El viaje a Santa Cruz
Con todos estos testimonios recolectados, Bayer emprendió la etapa más larga y complicada de su investigación: la búsqueda en el campo de testigos y sobrevivientes, la ubicación de los lugares donde ocurrieron los hechos, y la reconstrucción de los mismos. No tenía contactos previos, ni conocía a nadie; era un trabajo de orfebre, que vería cómo lo encararía al llegar allá: “Me dispuse a comenzar esa larga investigación y, todo entusiasmado, aproveché las vacaciones para ir para allá… Vos sabés, yo tengo cuatro hijos; y los dos mayores estaban justo en la adolescencia. Ellos querían ir a Villa Gesell… (risas) Y yo los llevaba a Río Gallegos… (carcajadas)Te imaginás la bronca que tenían los pibes… Porque eran pibes, todavía no los podía dejar solos…”.
La familia emprendió el viaje, entre el entusiasmo del padre y la cara larga de los hijos mayores… De haber podido prever la manera en que este viaje cambiaría sus vidas, quizá nunca hubieran abandonado la seguridad de su casa de Martínez: “Hoy mi hijo mayor es arquitecto; el segundo, ingeniero en construcción de barcos; el tercero es periodista –trabaja en la agencia DPA en Hamburgo–; y mi hija es pintora y vive en un pueblo cerca de Venecia. Ellos sufrieron muchísimo por tener que abandonar definitivamente la Argentina, igual que mi esposa Marlies, quien jamás quiso volver a vivir aquí. Nuestros destinos cambiaron, pero no me quejo: a otros amigos le mataron a sus hijos, como a David Viñas”7.
A poco de llegar, Bayer encontró las dos llaves maestras que le permitieron acceder a la información que necesitaba: los expedientes judiciales sobre la huelga, y el vecino «nyc»(nacido y criado) don Jorge Cepernic: “En Río Gallegos hago un enorme descubrimiento: el Archivo Judicial, donde en primer término fui rechazado por el juez Torlasco, que entonces era el juez federal. Juez federal que después, con los años, iba a pasar a ser miembro de la cámara que juzgó a los militares… esas casualidades, esas carreras…

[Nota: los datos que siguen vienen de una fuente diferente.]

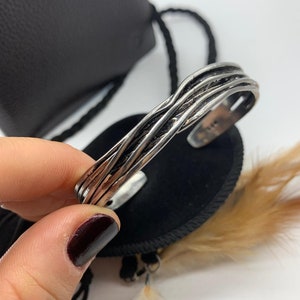 May include: A silver bracelet with a braided design. The bracelet is open and has a slightly curved shape.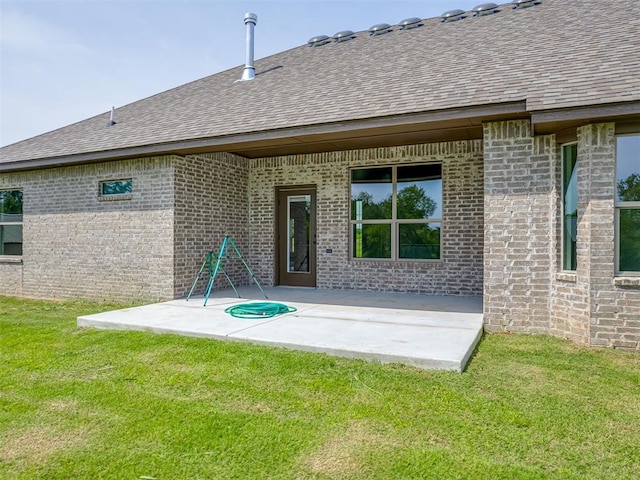 10124 Gentry Xing, Oklahoma City, OK 73169 - back of property with a patio, a shingled roof, a yard, and brick siding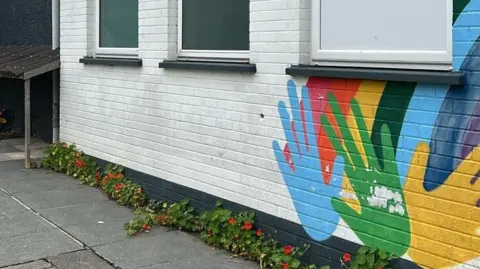 Paintworks NI An exterior wall of the Helping Hands building. It is painted white and there is a painted rainbow and colourful hands on it and three windows.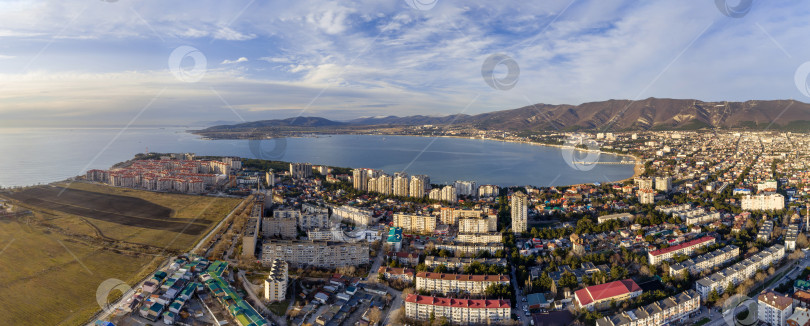 Скачать Панорама города Геленджика. На переднем плане жилые кварталы. Геленджикская бухта с гладкой голубой водой, Кавказские горы на заднем плане. Солнечная погода фотосток Ozero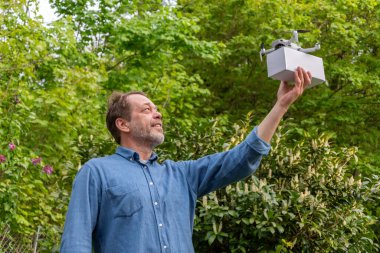 Gelecekteki konsept: Yaşlı bir adam uçmaya hazır bir kurye İHA 'sını gösteriyor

Yo había recurrido al hijo de quien fue el primer gobernador de Santa Cruz, para ver los archivos. Me dijo: ‘Sí, ¡cómo no!; yo te voy a llevar con el juez para que te abra los archivos’. Pero había sido medio chanta, ese muchacho… Resulta que el juez lo despreciaba profundamente, vaya a saberse qué problema habían tenido. Y Torlasco me rechazó porque me había presentado el tipo éste. Me dijo: ‘no, acá no hay nada’. Insistí varias veces. Le digo, ‘déjeme ver las carpetas que hay de esos años, por qué no me las deja ver’. Los dos estábamos empecinados: él veía que yo no pensaba moverme de ahí sin ver los documentos. Cuando le cuento a Cepernic, él intercede por mí ante el juez; y ahí sí, al final dijo: ‘Bueno, está bien’. Y me dejó entrar; desde entonces, guardo una muy buena relación con él.
Es una gran persona. Renunció al cargo de magistrado cuando Alfonsín reunió a los jueces, se calzó la banda presidencial como para mostrar quién mandaba, y les dio instrucciones de cómo debían administrar justicia durante su mandato. Arslanián estaba también. Y todos se quedaron calladitos; pero Torlasco renunció. Eso me contó. Muy ético, muy buena persona.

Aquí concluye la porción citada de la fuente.